We all need someone we can talk to, but sometimes, in the process of complaining, or dare I say it? Even whining…. We often end up complaining more about things to others than we spend time praying about them with our Heavenly Father.
If you’ve been in church for a while—you know the passage. Philippians 4:6-7 says, “Be anxious for nothing, but in everything by prayer and supplication, with thanksgiving, let your requests be made known to God; and the peace of God, which surpasses all understanding, will guard your hearts and minds through Christ Jesus.” We’ve heard it, and we know it, but do we believe it? When those moments happen—do we remember to be anxious for nothing? Do we remember that nothing needs to rattle us? Do we turn to prayer? Do we seek ways to be thankful through our worries and frustrations? Do we talk to God about it? Do we invite Him to give us His wisdom and peace? Do we trust God to be a sounding board for our problems?
I’m afraid that I’m pretty hit-and-miss with those questions. I’m not always good about praying first.
Of course, God doesn’t mind our discussion with friends, but He wants to guide us, too. When He told us to cast all our cares on Him, He meant it. But still, there’s a real temptation to think that God doesn’t care about those mundane matters. But that’s not what His Word says. We’ve got to get in the habit of praying about things more than we spend complaining about them.

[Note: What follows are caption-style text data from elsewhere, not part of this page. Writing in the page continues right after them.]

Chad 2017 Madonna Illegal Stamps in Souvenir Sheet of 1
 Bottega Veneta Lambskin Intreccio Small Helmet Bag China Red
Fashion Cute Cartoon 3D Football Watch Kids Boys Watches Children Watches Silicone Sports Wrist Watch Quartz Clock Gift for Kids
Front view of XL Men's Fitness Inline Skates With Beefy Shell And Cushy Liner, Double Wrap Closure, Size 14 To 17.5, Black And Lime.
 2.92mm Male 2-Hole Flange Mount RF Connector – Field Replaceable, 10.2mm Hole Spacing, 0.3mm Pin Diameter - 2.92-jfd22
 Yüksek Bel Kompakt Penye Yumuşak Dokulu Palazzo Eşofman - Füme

While we’re tempted to go to others, let us remember that God is just a prayer away, too. Jeremiah 33:3a says, “Call to me and I will answer you.” Hebrews 1:1-2 reminds us that God is communicating with us: “Long ago, at many times and in many ways, God spoke to our fathers by the prophets, but in these last days he has spoken to us by his Son, whom he appointed the heir of all things, through whom also he created the world.”
What would life look like if we did more to live by the truth in 1 John 1:3b, “…our fellowship is with the Father and with His Son Jesus Christ.”?
What would life look like if we did less complaining and a lot more praying?